> _Problem_: All lines from the one containing "Restaurantware-4 Ounce Ripple" through the last line of the listing below are to be copied exactly. Exclude the pictures.

::: Dataset records :::

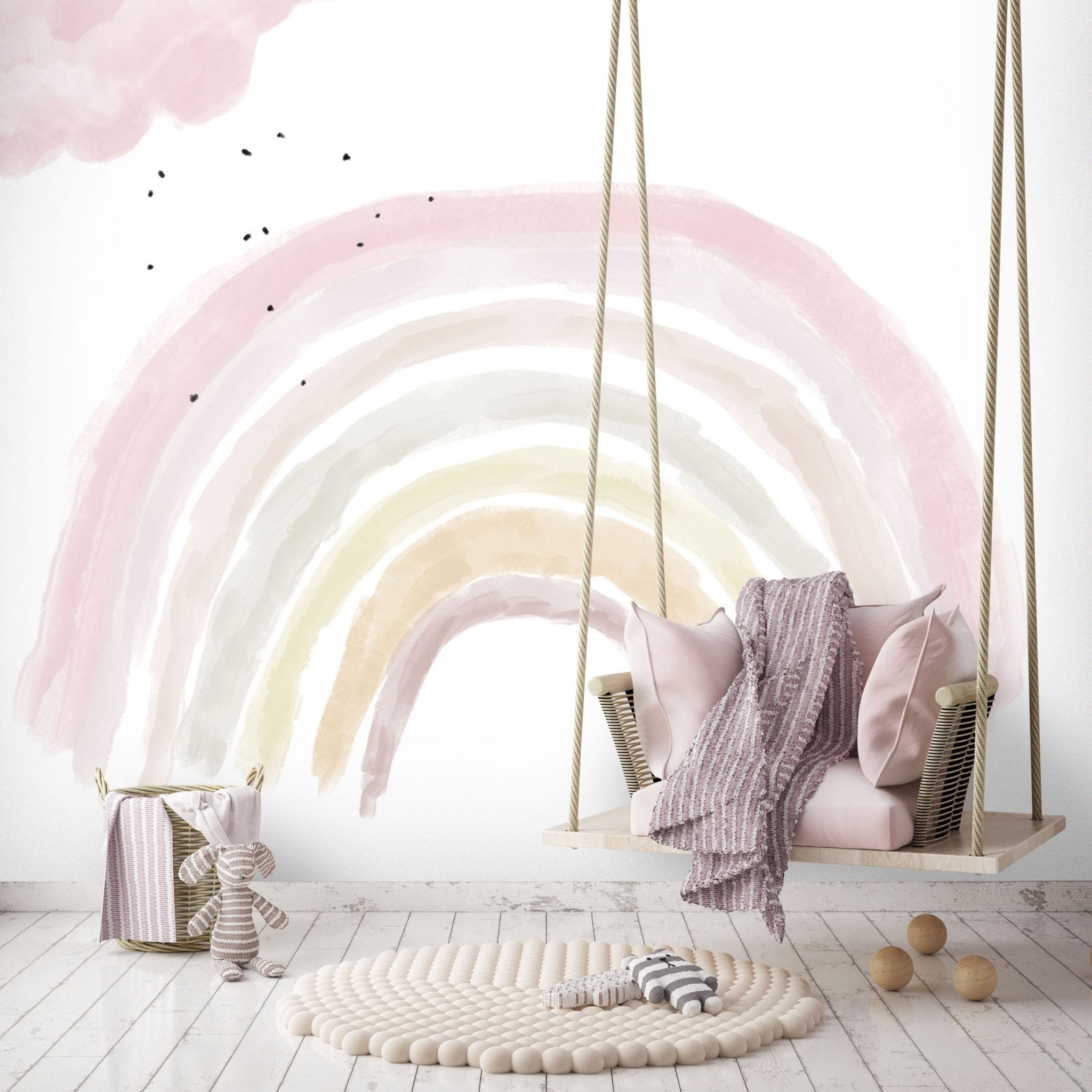 Papier peint arc-en-ciel rose pour enfant - Kam & Leon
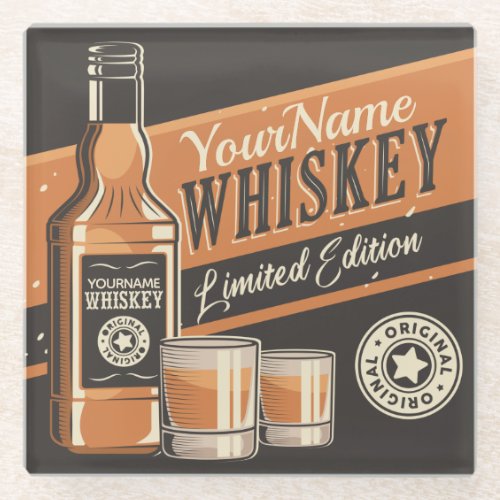 Personalized Whiskey Liquor Bottle Western Bar Glass Coaster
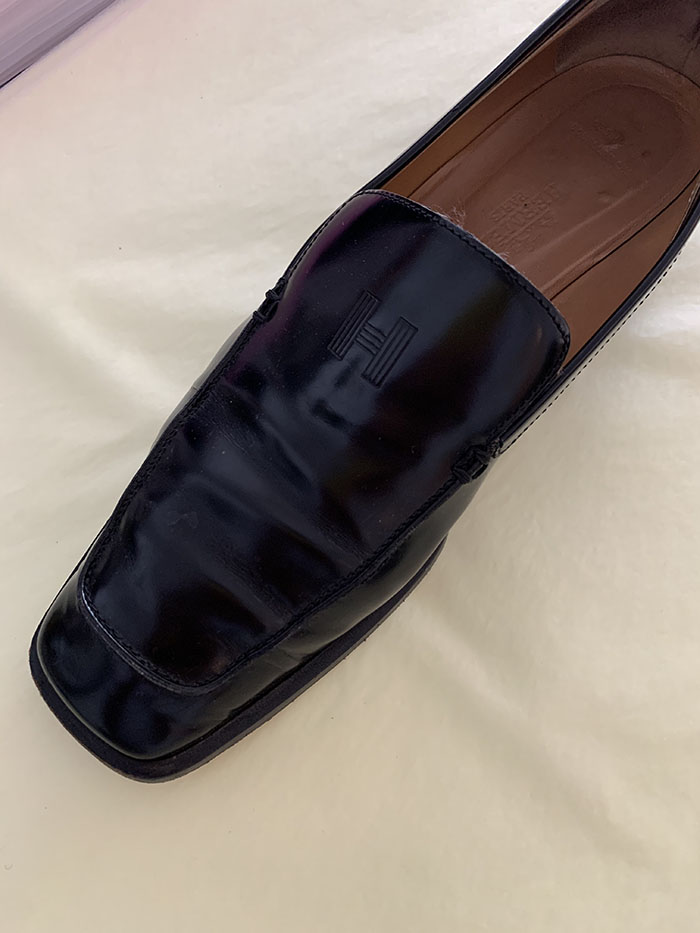 00s "Hermes" Logo Leather Loafer Shoes
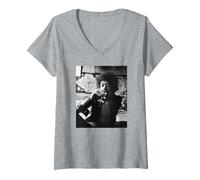 Donna La Leggenda della Chitarra Jimi Hendrix Purple Haze al Mayfair Flat 1969 Maglietta con Collo a V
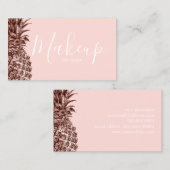 スタイリッシュでかわいらしいばら色の金ゴールドのパイナップルメーキャップアーティスト 名刺 (正面/裏面)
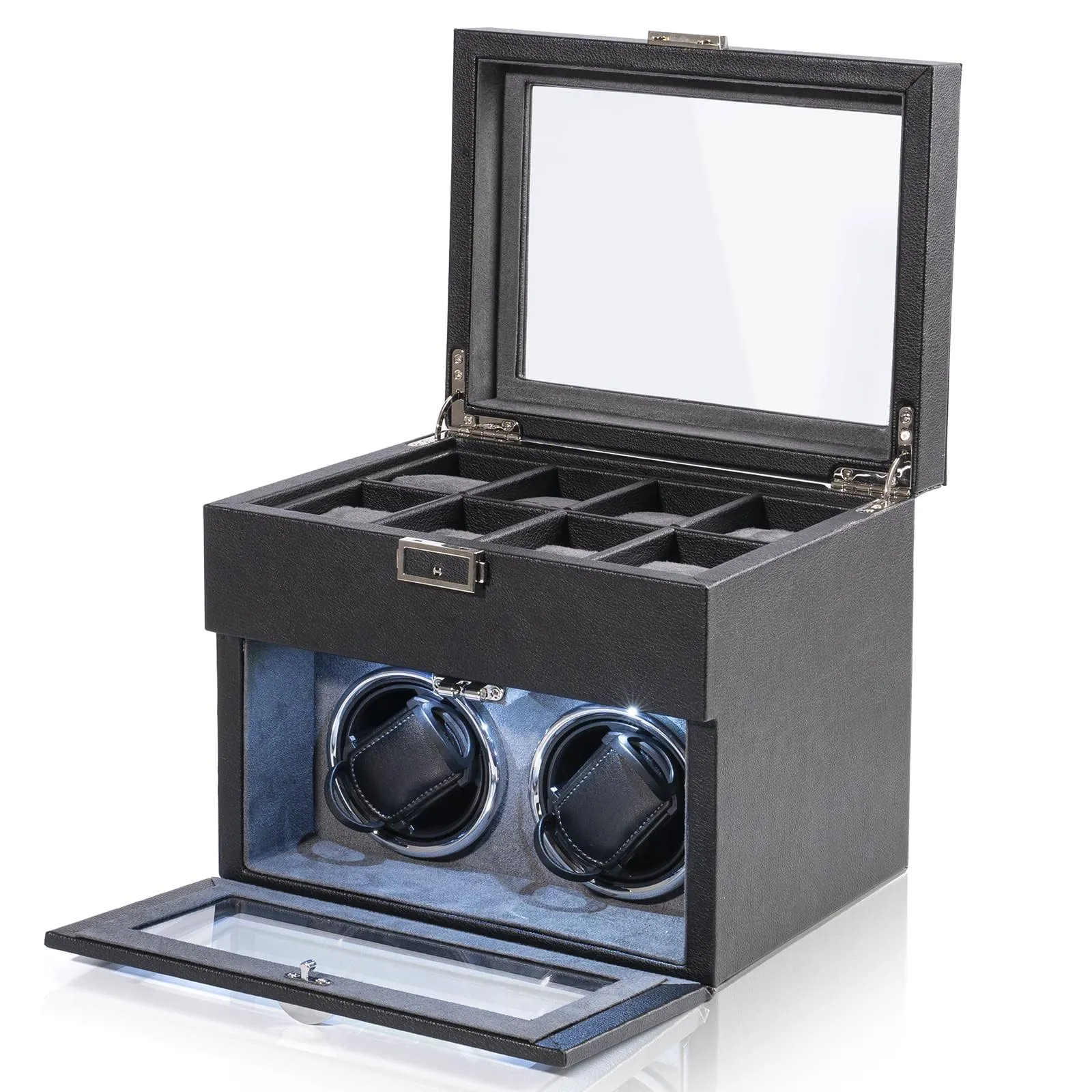 KRYPTEUM Automatic Double Watch Winder with 8 Extra Storage Box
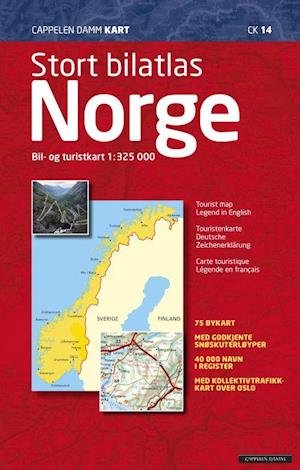 Cover for Cappelen Damm · CK: Stort bilatlas Norge 2019 : bil- og turistkart (Spiralbog) (2019)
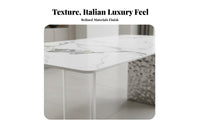 Sintered Stone Top Acrylic Leg Table Italian design Household Furniture Light Luxury Rectangular Shape for Small Apartment Dwellers, Homeowners, Interior Designers, Dining Room, Kitchen, Home
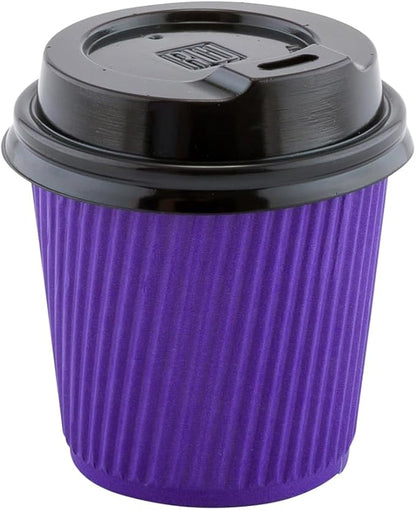 Restaurantware-4 Ounce Ripple Insulated Coffee Cups, 500 Double Wall Corrugated Coffee Cups - Leakproof, Non-Slip, Royal Purple Paper Ribbed Coffee Cups, Recyclable, Matching Lids Sold Separately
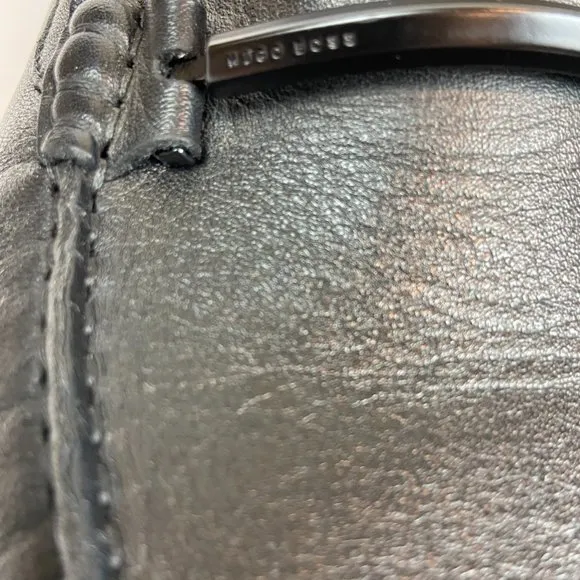 Hugo Boss Black Moccasins Driver  Loafers Soft Leather Sz 10 Like NEW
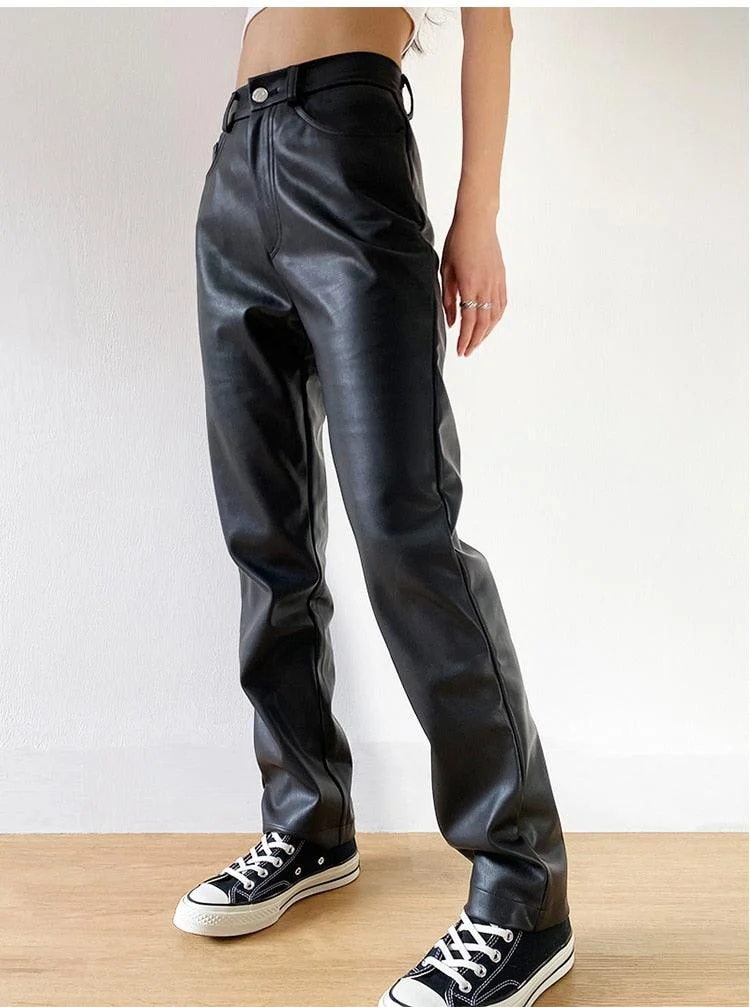 Basic Faux Leather Pants - Black or Brown - Glova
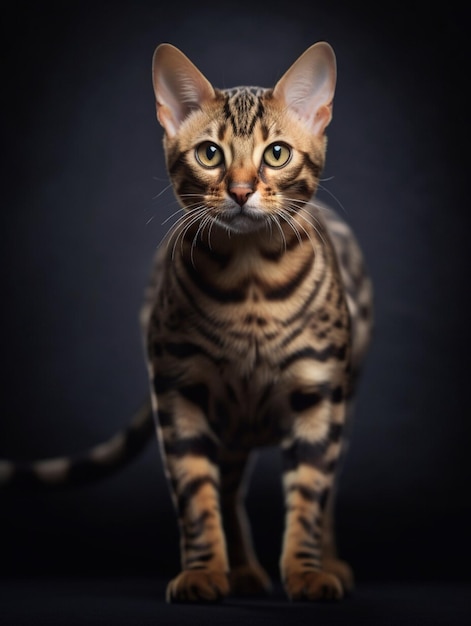 Chat bengal debout sur fond sombre et regardant la caméra Photographie de studio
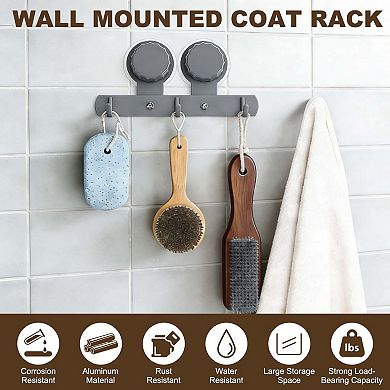 14.17 x 1.77 Inch (L x W) Towel Hook Rack with Suction Cup Wall Mount Coat Rack, Gray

:::

> _Task response_:
 Restaurantware-4 Ounce Ripple Insulated Coffee Cups, 500 Double Wall Corrugated Coffee Cups - Leakproof, Non-Slip, Royal Purple Paper Ribbed Coffee Cups, Recyclable, Matching Lids Sold Separately
 Hugo Boss Black Moccasins Driver  Loafers Soft Leather Sz 10 Like NEW
 Basic Faux Leather Pants - Black or Brown - Glova
 Chat bengal debout sur fond sombre et regardant la caméra Photographie de studio
 14.17 x 1.77 Inch (L x W) Towel Hook Rack with Suction Cup Wall Mount Coat Rack, Gray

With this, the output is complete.